IPR/C2S social demographer Alberto Palloni has received the Robert Wood Johnson Foundation’s Investigator Award in Health Policy Research. The award, which aims to influence health policy on a national level, will fund a two-year study in early childhood health effects on adult socioeconomic (SES) status and adult health outcomes.

"Are higher income, wealth, education, and occupation protective of health? Are social strata endowed with certain health characteristics? Or could it be possible that individuals who are predisposed to poor health early on are also less likely to acquire the skills to climb the social ladder and are more likely to be affected by the earlier onset of ill health?" asked Palloni.

In exploring the consequences of early health, Palloni hopes to uncover the reasons behind the reproduction of socioeconomic inequality across generations and the persistence of socioeconomic health and mortality disparity across the life course.  "These pervasive trends have long been explored as separate problems," said Palloni, "but childhood health affects them both."
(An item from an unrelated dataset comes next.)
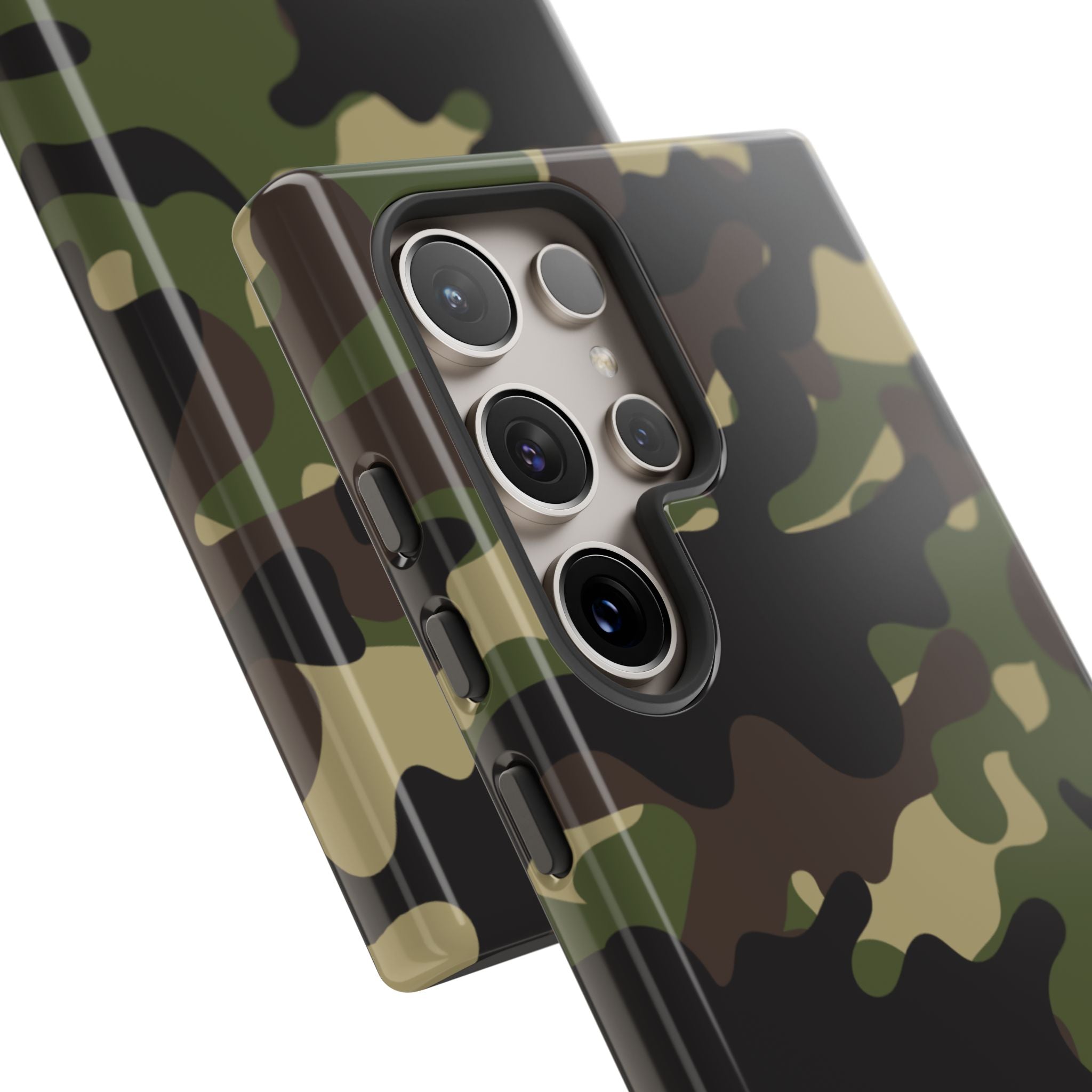 Phone Backs – Printed Case Designs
Working with Carolina Milesi of the University of Chicago and Robert White of the University of Wisconsin-Madison, Palloni will document the impact of early health conditions on adult SES and health outcomes and attempt to identify the main pathways through which early health influences adult SES and health. He and his colleagues hypothesize that early health's long-term impact depends, in part, on different cognitive and non-cognitive skills acquired in childhood and adolescence.
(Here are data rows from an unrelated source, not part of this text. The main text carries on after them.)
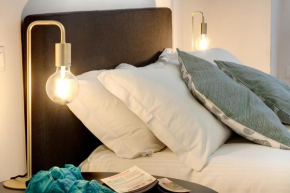  Mamo Florence - Costa San Giorgio Apartment  Флоренция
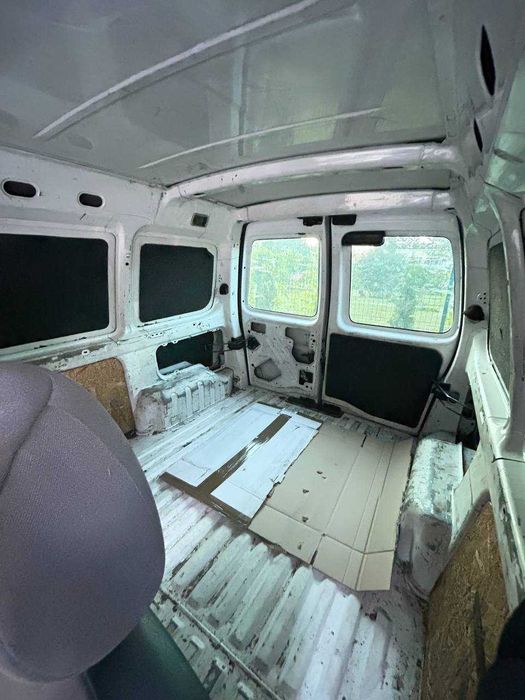 Сітроен Берлінго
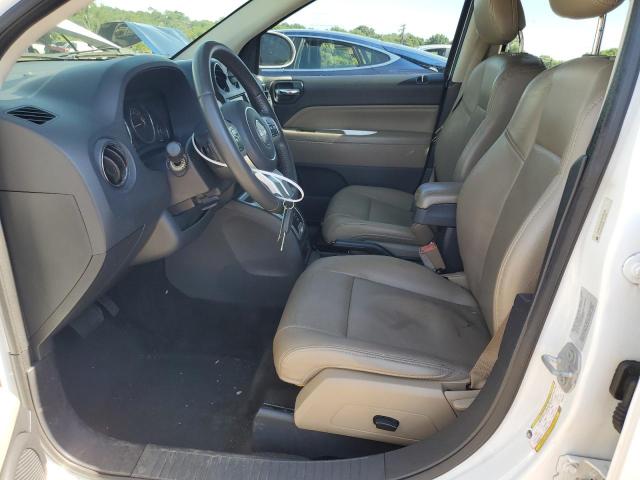 2015 JEEP COMPASS LA - 1C4NJDEBXFD395729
The study will use multiple longitudinal data sets—five from the United States and two from the United Kingdom. Through the use of structural equation modeling and other statistical methods, Palloni will attempt to mimic the trajectory of individuals’ lives under different population distributions.  "If our predictions are borne out, we will make a strong case for focusing on early health both in terms of research and policy," Palloni said.

Palloni is Board of Trustees Professor in Sociology and a faculty fellow at the Institute for Policy Research at Northwestern University.